[What you are asked to do] At the line containing "Настольный теннис ракетки", begin repeating lines exactly, and stop only after the final line of the records below.

[Supplied information]
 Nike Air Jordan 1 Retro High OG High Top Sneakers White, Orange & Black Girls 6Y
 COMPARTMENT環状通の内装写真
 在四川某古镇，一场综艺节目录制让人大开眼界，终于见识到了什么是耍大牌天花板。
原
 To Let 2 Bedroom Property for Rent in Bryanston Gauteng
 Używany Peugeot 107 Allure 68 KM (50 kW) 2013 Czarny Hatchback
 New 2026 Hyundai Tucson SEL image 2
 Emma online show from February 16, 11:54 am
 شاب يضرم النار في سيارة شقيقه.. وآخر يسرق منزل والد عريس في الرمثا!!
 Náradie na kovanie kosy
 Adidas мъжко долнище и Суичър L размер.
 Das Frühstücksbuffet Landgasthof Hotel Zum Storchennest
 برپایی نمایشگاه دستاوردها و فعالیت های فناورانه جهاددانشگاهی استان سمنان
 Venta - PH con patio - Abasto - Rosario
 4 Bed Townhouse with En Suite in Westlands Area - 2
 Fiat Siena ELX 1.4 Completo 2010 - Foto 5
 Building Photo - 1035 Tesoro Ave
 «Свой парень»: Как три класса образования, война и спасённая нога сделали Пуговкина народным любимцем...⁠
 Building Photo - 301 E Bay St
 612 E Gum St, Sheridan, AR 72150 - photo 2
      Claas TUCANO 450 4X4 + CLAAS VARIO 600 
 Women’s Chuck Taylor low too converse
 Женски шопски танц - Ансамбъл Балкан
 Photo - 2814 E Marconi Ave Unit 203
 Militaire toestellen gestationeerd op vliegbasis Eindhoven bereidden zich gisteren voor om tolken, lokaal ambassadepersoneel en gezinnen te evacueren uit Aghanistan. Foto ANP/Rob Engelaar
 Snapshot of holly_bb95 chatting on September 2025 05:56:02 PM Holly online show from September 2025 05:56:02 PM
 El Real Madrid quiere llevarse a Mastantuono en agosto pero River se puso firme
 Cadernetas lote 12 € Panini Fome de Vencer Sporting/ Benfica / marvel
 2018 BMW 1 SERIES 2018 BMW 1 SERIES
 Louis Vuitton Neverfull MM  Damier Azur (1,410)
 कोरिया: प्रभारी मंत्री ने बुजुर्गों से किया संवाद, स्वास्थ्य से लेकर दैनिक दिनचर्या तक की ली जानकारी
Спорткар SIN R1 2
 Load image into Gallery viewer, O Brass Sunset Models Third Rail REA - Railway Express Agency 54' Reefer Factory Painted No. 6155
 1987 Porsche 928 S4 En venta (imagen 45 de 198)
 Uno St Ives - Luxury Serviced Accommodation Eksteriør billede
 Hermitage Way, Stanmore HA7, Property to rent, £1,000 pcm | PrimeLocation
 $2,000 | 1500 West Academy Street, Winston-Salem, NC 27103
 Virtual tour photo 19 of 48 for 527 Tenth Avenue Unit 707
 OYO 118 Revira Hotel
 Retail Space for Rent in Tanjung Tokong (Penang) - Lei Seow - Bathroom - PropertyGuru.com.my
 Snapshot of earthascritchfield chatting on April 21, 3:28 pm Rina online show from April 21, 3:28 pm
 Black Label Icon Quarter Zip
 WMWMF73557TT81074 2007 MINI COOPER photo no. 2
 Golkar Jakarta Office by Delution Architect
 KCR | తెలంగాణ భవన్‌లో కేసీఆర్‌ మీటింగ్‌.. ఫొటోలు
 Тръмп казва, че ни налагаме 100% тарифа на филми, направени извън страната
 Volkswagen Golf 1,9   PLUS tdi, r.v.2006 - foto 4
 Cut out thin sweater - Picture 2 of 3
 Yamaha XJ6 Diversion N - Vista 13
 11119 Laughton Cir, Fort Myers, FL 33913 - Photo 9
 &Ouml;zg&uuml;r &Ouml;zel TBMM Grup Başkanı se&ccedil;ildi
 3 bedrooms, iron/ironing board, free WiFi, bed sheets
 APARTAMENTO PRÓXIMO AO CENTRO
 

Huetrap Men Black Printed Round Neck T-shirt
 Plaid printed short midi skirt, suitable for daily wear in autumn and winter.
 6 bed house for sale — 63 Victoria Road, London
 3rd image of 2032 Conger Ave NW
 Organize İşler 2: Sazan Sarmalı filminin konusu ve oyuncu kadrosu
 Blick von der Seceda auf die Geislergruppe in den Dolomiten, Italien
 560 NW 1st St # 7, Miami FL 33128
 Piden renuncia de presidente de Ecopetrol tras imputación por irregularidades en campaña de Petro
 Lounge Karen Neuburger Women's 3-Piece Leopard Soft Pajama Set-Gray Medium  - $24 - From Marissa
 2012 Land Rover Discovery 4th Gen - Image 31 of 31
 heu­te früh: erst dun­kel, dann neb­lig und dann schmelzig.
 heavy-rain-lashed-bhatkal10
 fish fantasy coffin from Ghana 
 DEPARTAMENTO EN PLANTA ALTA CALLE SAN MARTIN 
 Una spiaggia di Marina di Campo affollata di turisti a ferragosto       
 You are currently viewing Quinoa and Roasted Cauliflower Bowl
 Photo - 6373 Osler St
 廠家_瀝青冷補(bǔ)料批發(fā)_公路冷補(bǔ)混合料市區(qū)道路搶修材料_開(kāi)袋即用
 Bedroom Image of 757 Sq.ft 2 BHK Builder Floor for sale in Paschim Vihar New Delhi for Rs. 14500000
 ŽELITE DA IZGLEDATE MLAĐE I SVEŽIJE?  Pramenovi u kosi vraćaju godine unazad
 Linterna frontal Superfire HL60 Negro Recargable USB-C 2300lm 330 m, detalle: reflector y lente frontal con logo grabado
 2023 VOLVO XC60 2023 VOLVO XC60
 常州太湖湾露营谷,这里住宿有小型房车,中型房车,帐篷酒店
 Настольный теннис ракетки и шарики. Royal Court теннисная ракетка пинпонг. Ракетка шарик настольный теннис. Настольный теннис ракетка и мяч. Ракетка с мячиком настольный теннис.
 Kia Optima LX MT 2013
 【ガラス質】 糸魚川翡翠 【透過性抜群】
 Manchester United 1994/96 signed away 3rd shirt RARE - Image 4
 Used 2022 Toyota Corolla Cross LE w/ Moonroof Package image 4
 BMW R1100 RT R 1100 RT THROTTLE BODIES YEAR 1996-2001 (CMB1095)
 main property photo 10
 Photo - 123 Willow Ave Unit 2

[Answer to the exercise]
 Настольный теннис ракетки и шарики. Royal Court теннисная ракетка пинпонг. Ракетка шарик настольный теннис. Настольный теннис ракетка и мяч. Ракетка с мячиком настольный теннис.
 Kia Optima LX MT 2013
 【ガラス質】 糸魚川翡翠 【透過性抜群】
 Manchester United 1994/96 signed away 3rd shirt RARE - Image 4
 Used 2022 Toyota Corolla Cross LE w/ Moonroof Package image 4
 BMW R1100 RT R 1100 RT THROTTLE BODIES YEAR 1996-2001 (CMB1095)
 main property photo 10
 Photo - 123 Willow Ave Unit 2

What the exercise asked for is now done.